Zebra mussels and the closely related and ecologically similar quagga mussels are filter-feeding organisms; they remove particles from the water column. Zebra mussels process up to 1 L of water per day, per mussel. Some particles are consumed as food, and faeces are deposited on lakes floor. Nonfood particles are combined with mucus and other matter and deposited on lake floors as pseudofaeces. Since the zebra mussel has become established in Lake Erie, water clarity has increased from 15 cm to up to 1 m in some areas. This increased water clarity allows sunlight to penetrate deeper, enabling growth of submerged macrophytes. These plants, when decaying, wash up on shorelines, fouling beaches and causing water-quality problems.

Lake-floor food supplies are enriched by zebra mussels, which filter pollutants from the water. This biomass becomes available to bottom-feeding species and to the fish that feed on them. The catch of yellow perch increased five-fold after the invasion of zebra mussels into Lake St. Clair.

Zebra mussels attach to most substrates, including sand, silt, and harder substrates, but usually juveniles prefer harder, rockier substrates on which to attach. Other mussel species frequently represent the most stable objects in silty substrates, and zebra mussels attach to and often kill these mussels. They build colonies on native unionid clams, reducing their ability to move, feed, and breed, eventually leading to their deaths. This has led to the near extinction of the unionid clams in Lake St. Clair and the western basin of Lake Erie. This pattern is being repeated in Ireland, where zebra mussels have eliminated the two freshwater mussels from several waterways, including some lakes along the River Shannon in 1997.

In 2012, the National University of Ireland, Galway, said "the discovery of zebra mussels (Dreissena polymorpha) in Lough Derg and the lower Shannon region in 1997 has led to considerable concern about the potential ecological and economic damage that this highly invasive aquatic nuisance species can cause."

The zebra mussel is a freshwater species and cannot survive in the ocean.

=== Life cycle ===

The lifespan of a zebra mussel is three to five years. A female zebra mussel begins to reproduce within 6–7 weeks of settling.
An adult female zebra mussel can produce 30,000 to 40,000 eggs in each reproductive cycle, and over 1 million each year. Free-swimming microscopic larvae, called veligers, drift in the water for several weeks and then settle onto any hard surface they can find. Zebra mussels also can tolerate a wide range of environmental conditions, and adults can even survive out of water for about seven days.

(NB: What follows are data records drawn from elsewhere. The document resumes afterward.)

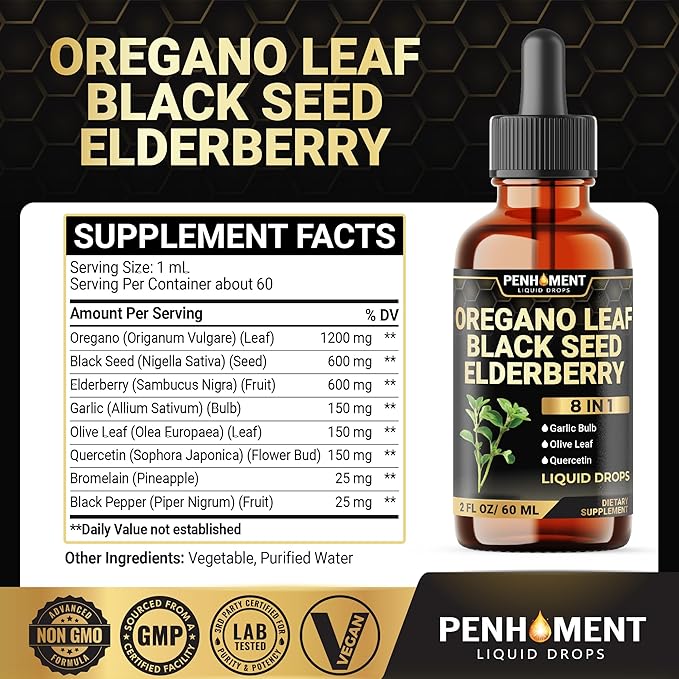 8in1 Oil of Oregano Drops with Black Seed Oil Liquid | Contains Carvacrol | Garlic, Elderberry, Olive Leaf, Quercetin, Bromelain - 2 Fl Oz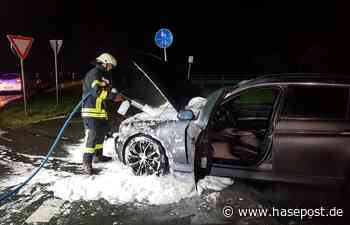 Auto fängt auf der Autobahn A33 bei Dissen Feuer - HASEPOST
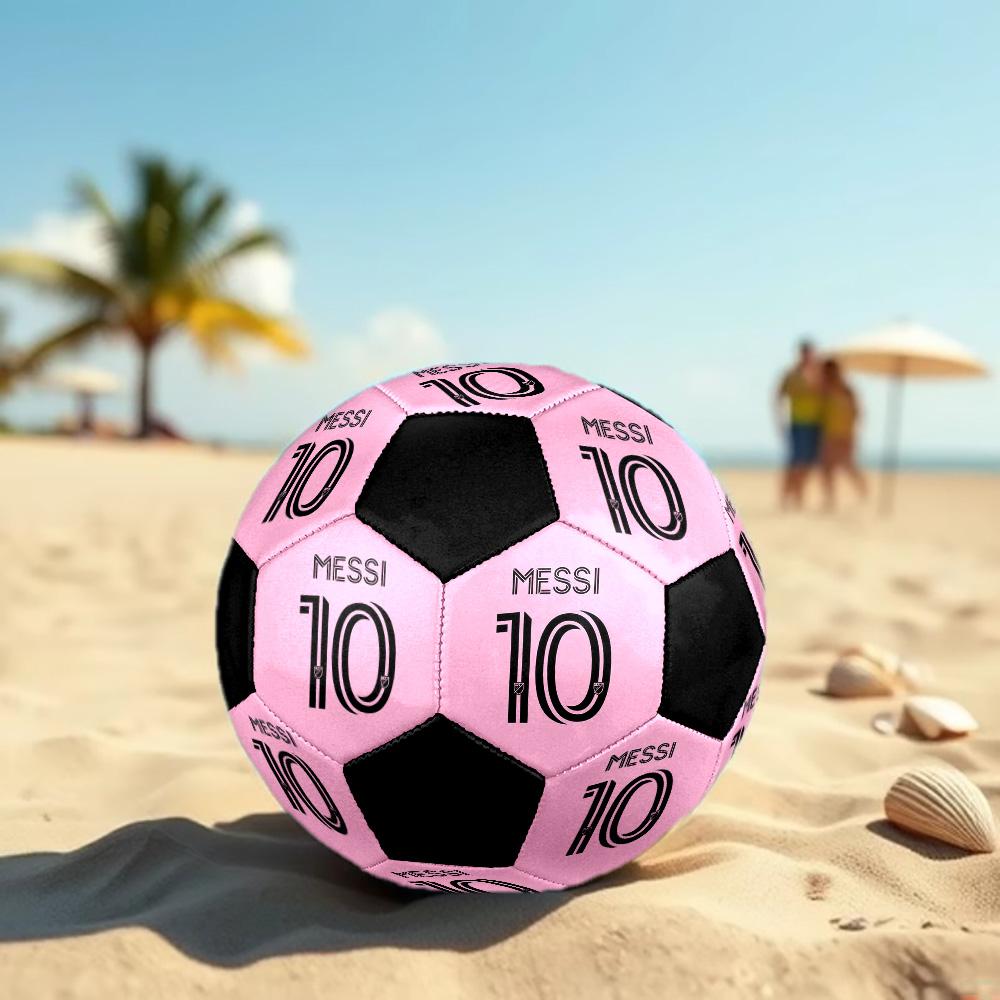 Messi 10 Soccer Ball Colorful All Ages Machine Stitched PVC Competition Ready Durable High-Bounce.SIZE5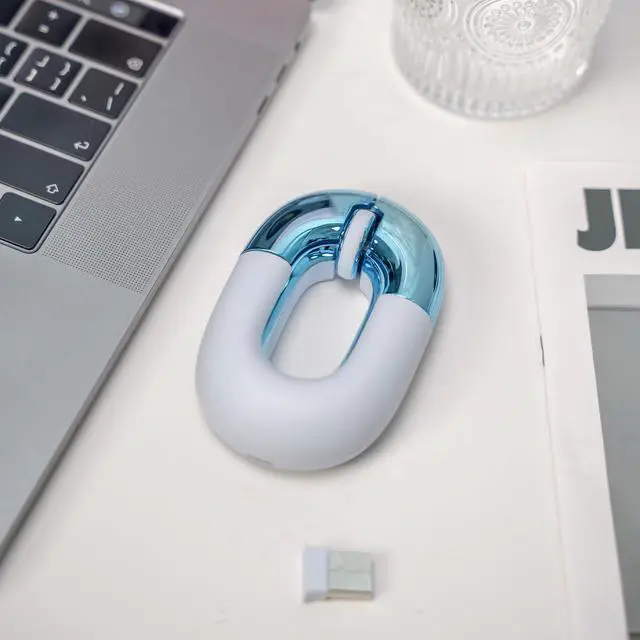 Alt view image 5 of 5 - FOPATO F01 Dual Mode Wireless Charging Mouse, Macaron Color Scheme Sweet Donut Bluetooth Computer Mice, Silent and Lightweight, 1200 DPI Optical Tracking, Compatible with PC, Mac, Laptop (Blue)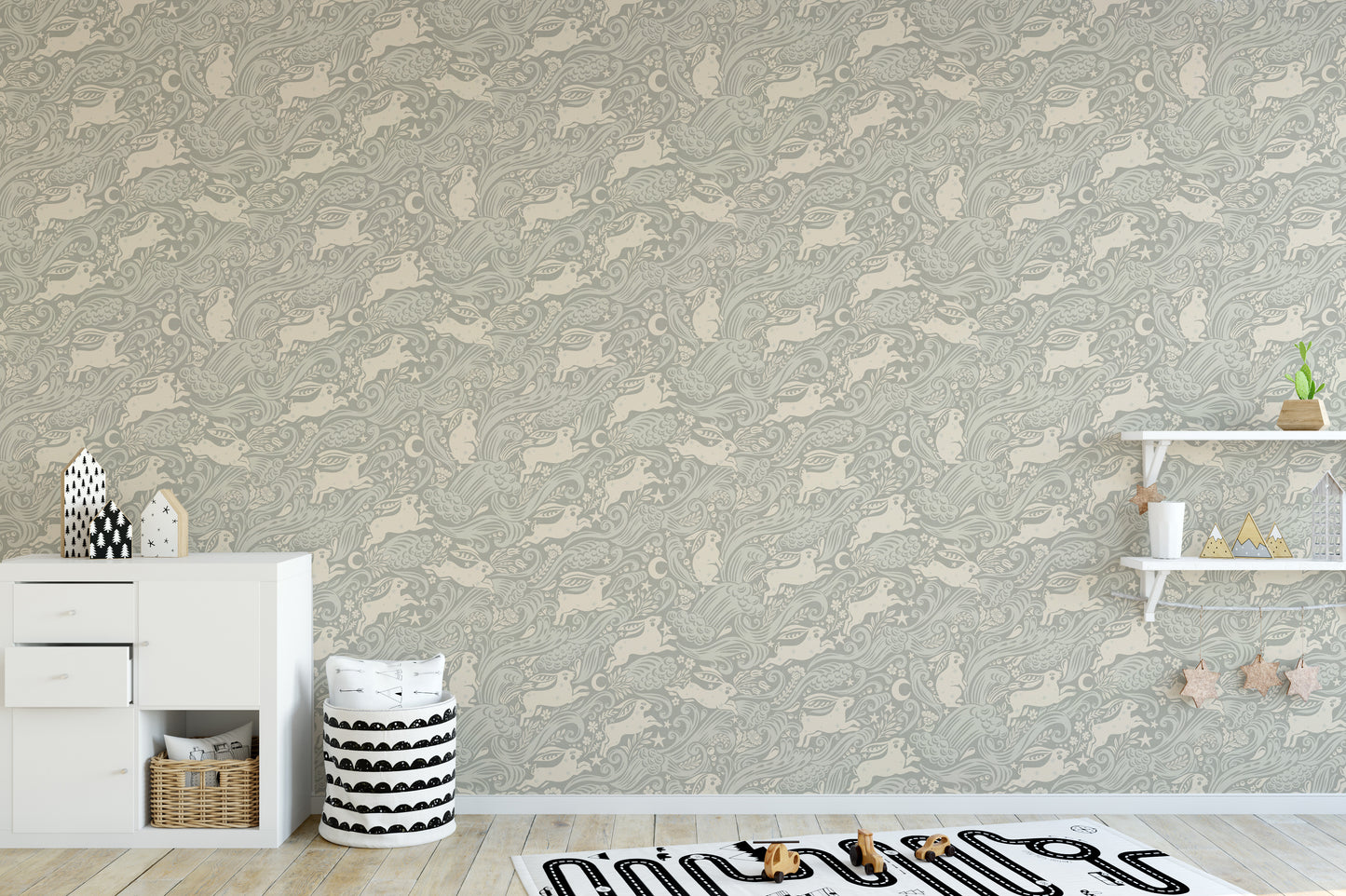 銀天の海のウサギの壁紙⁠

===Indicators of environmental pollution===

Zebra mussels can be used to detect risks to humans from environmental hazards and are considered effective indicators of environmental pollution. Exposure of D. polymorpha gill cells to model contaminants representative of water pollution was found to cause DNA damage measured as the formation of 8-oxodG and DNA strand breaks.

=== Predators ===

Byssus visible

Research on natural enemies, both in Europe and North America, has focused on predators, particularly birds (36 species) and fish (15 species that eat veligers and 38 that eat attached mussels). Annually, the wintering waterbirds at Lake Constance decrease zebra mussel biomass in shallow areas by >90%. Biomass reduction in deeper areas varies considerably based on substratum; Werner et al. observed no reduction at the lowest observed depth of 11 m except for a site at Hagnau.

The vast majority of the organism's natural enemies are not present in North America. Ecologically similar species do exist, but they are unlikely to eliminate already established mussels and have a limited role in their control, unlike their counterparts in Europe.

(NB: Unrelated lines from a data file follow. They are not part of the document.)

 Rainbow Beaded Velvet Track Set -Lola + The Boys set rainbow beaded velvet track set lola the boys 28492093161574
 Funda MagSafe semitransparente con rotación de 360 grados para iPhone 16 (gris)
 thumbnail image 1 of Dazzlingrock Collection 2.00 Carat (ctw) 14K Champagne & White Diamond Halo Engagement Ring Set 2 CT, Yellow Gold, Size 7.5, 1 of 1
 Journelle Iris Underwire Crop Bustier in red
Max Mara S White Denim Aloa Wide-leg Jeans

It is pointed out that crayfish could have a significant impact on the densities of 1 to 5 mm-long zebra mussels. An adult crayfish consumes around 105 zebra mussels every day, or about 6,000 mussels in a season. However, predation rates are significantly reduced at lower water temperatures. Additionally, certain fish, such as the smallmouth bass, are predators in the zebra mussels' adopted North American Great Lakes habitat, but in European lakes, fish do not seem to limit the densities of zebra mussels.

There have been some high winter mortalities, for example in the winter of 1994–1995 in the invasive population of Lake Simcoe. Evans et al., 2011 attributes this to predation by the crayfish Orconectes propinquus. Nonetheless this has not been sufficient to eradicate the problem.

=== Other control ===
On 4 June 2014, Canadian conservation authorities announced that a test using liquid fertilizer to kill invasive zebra mussels was successful. This test was conducted in a lakefront harbour in the western province of Manitoba. However, outbreaks continue in Lake Winnipeg.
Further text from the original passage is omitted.